------art_117148_5280709.1147875390932
Content-Type: text/plain; charset=ISO-8859-1; format=flowed
Content-Transfer-Encoding: quoted-printable
Content-Disposition: inline

So much depends on the application. And it's important to decide whether or
not we're willing to write fairly specialized implementations for particular
application classes. I've done a fair bit of that and I'm not afraid to do
it, but it's axiomatically an inefficient process. But if you go the
opposite direction, toward creating a general-purpose lightweight data
manager, you might as well just use sqllite.
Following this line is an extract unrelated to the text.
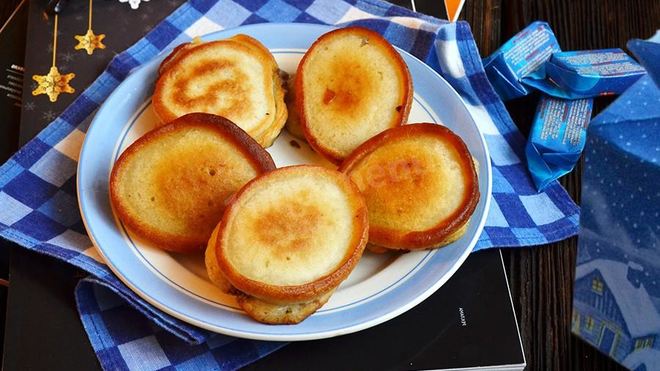 Рецепт Ленивых беляшей на сковороде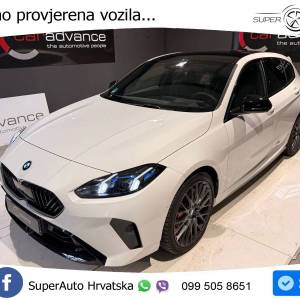 BMW 120d Aut. M Sport 163 KS, LED+ACC+PANO+GR SJED+KAM+PARK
If we put our heads together,
we ought to be able to find a middle ground: what, for example, would be a
generic architecture for a lightweight database? What are the essential
pieces and the optional pieces, and precisely what interfaces do they
expose? Done right, that would enable optimizations for particular apps by
swapping out components.

The two big problems with journaling data-storage are: collecting the
garbage, and rebuilding the indices when the run starts (because there's no
graceful place to put them in the journal). One of the apps I often deal
with is indexed searching on logfiles. A journalling arena implemented in
virtual memory works well here because garbage collection is automatic. But
fast index generation would be a huge plus. These apps generally index whole
words, Lucene-style.

Another thing I do a lot is LDAP directories augmented with presence data.
Here, journalling is a tougher fit because most of the data is not garbage,
but some of it becomes garbage at very high rates. The indexing is also a
serious problem because LDAP permits partial-word searches.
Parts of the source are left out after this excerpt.